Left Hand Brewery Attempts To Trademark 'Nitro' For Its Beer Line
from the gassy-brew-ha-ha dept
Here we go again. Beer-makers and trademark seem to be becoming something of an item these days. Previously, we’ve noted trademarks and battles over last names, common sports phrases, and (sigh) whether a six looks too much like a nine. Seriously. These applications and battles tend to revolve around some common term or name being used in association with a beer brand. Where trademark was chiefly developed as a resource for consumers to keep from being duped, it has evolved into a language-grab for companies looking to knee-cap the competition.
Such is the latest case, in which Left Hand Brewing out of Colorado wants to trademark the term “nitro” for their beer brands. Unfortunately, this presents a problem.
Colorado’s Left Hand Brewing is attempting to trademark the term “nitro”—as in, nitrogen. The Longmont company is thus far the only US brewer to bottle with nitrogen as opposed to carbon dioxide, something it says it achieved at a steep cost: years of effort, and hundreds of thousands of dollars. “We have a bottle that is pretty unique,” president Eric Wallace tells the Denver Post. But here’s what’s not unique: Plenty of breweries pour nitro beer on draft, and others have announced or implied plans for nitro beer in bottles or cans. If the trademark is granted, Left Hand could send cease-and-desist letters to those breweries, a lawyer explains.

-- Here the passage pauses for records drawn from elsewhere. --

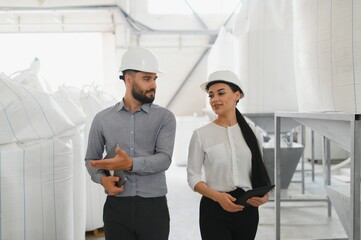 Engineers walking and discussing in a modern factory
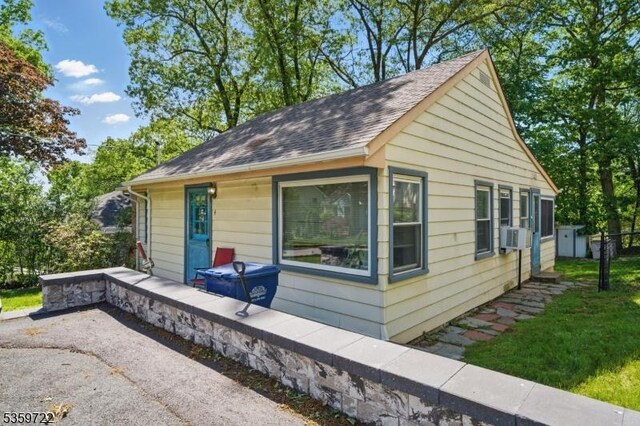 4 Erie Ave, Rockaway Twp, NJ 07866 - bungalow-style home with roof with shingles and cooling unit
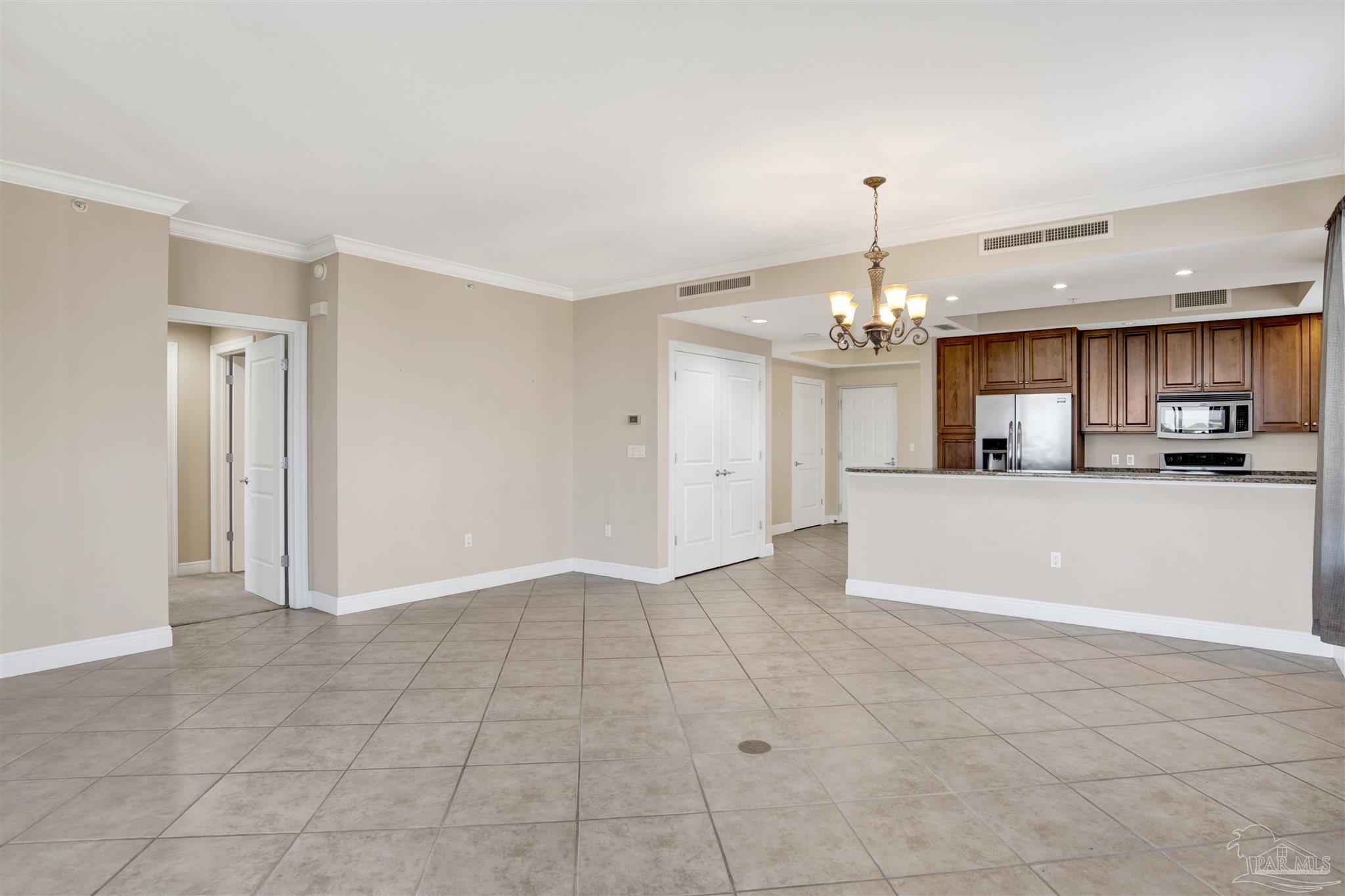 612 Lost Key Drive, Unit 401B Pensacola, FL 32507 - Photo 20 of 34 a view of a kitchen and an empty room
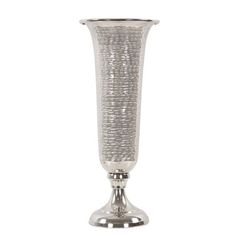 a silver vase sitting on top of a table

I’m not sure how accurate that last bit is. Instead, C&D letters would go out to other breweries using the label of nitro to denote a nitrogen infused beer, not breweries that simply partake in the process. Still, we see the problem of this evolution in trademark usage. What is likely to become an industry standard process, and one that is already done in other parts of the industry, is going to be locked up in terms of branding. Denoting a nitrogen-infused bottle isn’t terribly different from denoting a beer as ‘lite/light’, yet other breweries would be deprived the ability to do inform their customers of what they’re drinking if this mark goes through. That wasn’t the purpose of the law at the outset.
Other publications, and companies, appear to agree.

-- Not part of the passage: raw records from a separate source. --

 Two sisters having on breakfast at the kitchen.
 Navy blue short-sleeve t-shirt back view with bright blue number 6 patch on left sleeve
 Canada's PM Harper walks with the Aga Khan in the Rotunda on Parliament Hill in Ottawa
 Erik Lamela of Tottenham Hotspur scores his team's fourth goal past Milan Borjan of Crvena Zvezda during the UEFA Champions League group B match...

The Week sees nitro as a “descriptor”—”imagine if, say, Budweiser tried to trademark ‘refreshing,'” it quips. But Wallace says the trademark seeks to protect the name of its “Nitro Series” of beers, “not the style—not nitrogenated beers.” But a rep for Anheuser-Busch—which has until June to decide if it will oppose the application—notes, “As a brewer, we have produced our own nitrogenated beers and, like many other brewers, large and small, we need to maintain the ability to identify them to consumers.”
We’ll have to see if the trademark is granted, but it sure shouldn’t be if the intent of trademark law is followed.